The issue:
A remote and rural Health Board’s new Chief Executive Officer was the fifth such appointment in five years, during which time the Medical, Finance and Public Health Directors and the Chief Operating Officer had also been replaced three or four times. Only two Directors in the Corporate Management Team had more than two years experience of the organisation.
The new CEO commissioned a Business Planning Workshop for the entire CMT to:
- Review the strategic issues relating to the impact of the NHS national strategy on the local delivery of an integrated strategic local health plan
- Compile a list of agreed corporate strategic priorities
- Determine strategic priority portfolios of responsibility for each member of the CMT
- Identify middle management structures and support systems for delivery
- Agree on the CMT values and behaviours to adopt and rolemodel in order to delivery the strategy
My intervention:
The workshop was essentially an inquiry into the need for change and the options to take forward the business of the CMT differently.
Each Director was given time to prepare a flipchart presentation of the national health strategy for their functional area of responsibility in relation to the local delivery plan by looking at both through three lenses:
Competence
- What are the statutory requirements for which the Local Health Board will be held accountable, and what is its power and influence to deliver at the local level?
Capability
- What is the Local Health Board’s current capacity and capability to project, forecast and monitor resource allocation and planning, and its ability to adapt current plans or mitigate against the worst aspects of external drivers of change
Process
- Does the Local Health Board deliver the local plan because of or despite its power and resources; how does it include the needs, wants and values of local healthcare delivery partners and stakeholders; and how does it evaluate the signs of local and internal dissatisfaction and agitation that would trigger adaptation or mitigation of plans?
The strategic issues relating to each Director’s authorised remit, resource allocation and implementation process were then drawn from the presentations, clustered by the participants into significant issues in common, and then identified as corporate strategic priorities through my facilitation of two 4-box decision-making tools, firstly:
And, secondly, with regard to prioritising any one issue over another:
- What will happen… if you do?
- What will happen… if you don’t?
- What won’t happen… if you do?
- What won’t happen… if you don’t?
Each Director was then asked to prepare a further flipchart presentation by drilling down under each strategic priority to identify the programmes, initiatives or interventions within their functional area that could be included in their portfolio of responsibility.
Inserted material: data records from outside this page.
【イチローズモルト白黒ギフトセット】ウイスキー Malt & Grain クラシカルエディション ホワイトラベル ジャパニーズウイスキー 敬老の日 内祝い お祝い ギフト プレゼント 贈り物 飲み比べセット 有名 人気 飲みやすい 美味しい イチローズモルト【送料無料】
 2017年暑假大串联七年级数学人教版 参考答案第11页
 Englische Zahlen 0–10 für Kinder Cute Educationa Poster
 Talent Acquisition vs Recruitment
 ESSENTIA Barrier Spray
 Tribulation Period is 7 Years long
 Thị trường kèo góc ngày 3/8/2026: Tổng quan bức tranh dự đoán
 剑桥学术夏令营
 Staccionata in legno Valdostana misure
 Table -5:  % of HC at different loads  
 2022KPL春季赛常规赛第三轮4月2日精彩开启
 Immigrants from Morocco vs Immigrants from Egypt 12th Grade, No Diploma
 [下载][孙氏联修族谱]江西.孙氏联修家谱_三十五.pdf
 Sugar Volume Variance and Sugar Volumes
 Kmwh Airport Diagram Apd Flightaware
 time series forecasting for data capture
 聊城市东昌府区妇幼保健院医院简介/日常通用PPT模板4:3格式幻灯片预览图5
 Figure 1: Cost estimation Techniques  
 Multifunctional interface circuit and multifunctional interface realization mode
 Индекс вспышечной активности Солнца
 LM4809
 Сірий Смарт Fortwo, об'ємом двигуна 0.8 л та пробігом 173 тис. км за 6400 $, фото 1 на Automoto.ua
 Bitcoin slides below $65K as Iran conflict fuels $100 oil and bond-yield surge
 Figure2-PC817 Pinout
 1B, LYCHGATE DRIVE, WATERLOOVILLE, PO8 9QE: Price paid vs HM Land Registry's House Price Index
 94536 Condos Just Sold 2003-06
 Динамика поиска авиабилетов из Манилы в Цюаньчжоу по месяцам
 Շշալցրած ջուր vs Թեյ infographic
These presentations surfaced a number of simultaneously conflicting aspects where agreed:
- Roles and responsibilities
- Policies and procedures
- Objectives and performance management indicators
- Workflow and customer care needs
are likely to be comprised by the reality of the cross-cutting themes of:
Timescale — and the balance between being reactive to what’s already in the system and proactive to what can be put in place
Affordability — and perceived value for money
Proportionality — of resource expended in relation to benefit gained
Access — within the constraints of a remote and rural strategic health plan
Quality — that is acceptable as fit for purpose, and not necessarily ideal
Engagement — the quality of compliance or commitment from what is known, understood, accepted, and taken forward in partnership with the internal workforce, strategic partners, external stakeholders, local communities and individual patients.
The ensuing discussion resulted in agreed portfolio responsibilities for each Director that were comprised of core (must have) and discretionary (nice to have) elements.
Each Director then drew up an organogram for his or her Directorate and considered whether the middle management structure and monitoring systems was adequate to support the expanded portfolio. The need for reorganisation or additional resources was then discussed by the group.
I concluded the workshop with a process that allowed participants to reflect on what behaviours they had shown and experienced from others that had been supportive, cohesive and productive, and any that had been difficult, challenging and limiting. They identified clear, open and honest communication and the opportunity to do good work together as the two most important behaviours to adopt and rolemodel in taking forward their new strategy.